Firm's goal on the project: Replacing the womens pavillion.
 


EBD Goal

The Women and Newborn Hospital in Winnipeg, Manitoba, a 37,000 sq. meter, 173-bed facility currently under construction is replacing the 60-year-old Women’s Pavilion. A public consultation process envisioned a place: to serve the diverse healthcare needs of women through the cycle of life, to advance care, through excellence in research and education, to be welcoming, respectful, calming and peaceful, to improve patient and staff comfort and experiences, as well as their safety and outcomes and their general attitude towards the care environment.


Overview

This research led to the development of lighting systems within the NICU to support the melanopsin function of pre-term infants and the circadian rhythms of post-term infants, family members and staff. Flexible lighting was designed for the comfort and control of staff and patients. Acoustic measures were implemented to facilitate staff communication and reduce noise, particularly in NICU and LDR patient rooms. Integration of nature and cultural identity is captured by an extensive application of expansive windows in patient and public areas, views to roof top gardens, a staff solarium and a hospital-wide implementation of prairie wildflower artwork.


Challenge

The facility houses diverse and complex programs that include inpatient/ outpatient gynecology, specialized surgical suites, inpatient/outpatient obstetrics programs for low and high-risk births, and a single room neonatal intensive care unit (NICU). The hospital serves a broad age range and cultural demographics, with clients predominantly from aboriginal communities in Winnipeg and remote communities in Northern Manitoba. 


Solution

Four evidence-based design steps have been or are in the process of being implemented to evaluate the significance of the design measures.
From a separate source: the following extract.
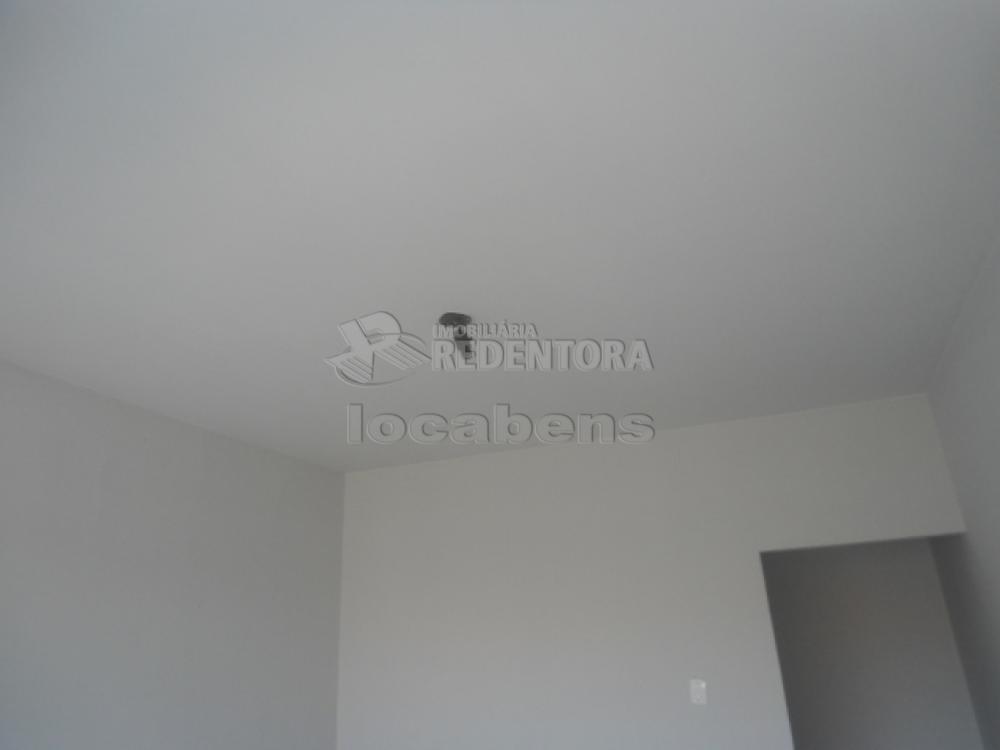 Alugar Casa / Padrão em São José do Rio Preto R$ 1.398,00 - Foto 9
Relevant documentation was reviewed including: health information on Canadian aboriginal communities, lighting effects on pre- and post-term infants and shift workers, acoustics for staff communication and concentration, patient sleep and pre-term infant hearing development, human factors in equipment and visual display screen use NICU and LDR planning typologies, Regional/cultural content on client identity Qualitative and quantitative data were gathered from subject matter experts and site visits to recently built NICU and labor/delivery rooms were conducted.


Results

Currently, our team is creating mock-up and pre- and post-occupancy questionnaires for staff and patients to evaluate and compare any significant differences in patient and staff attitudes and outcomes.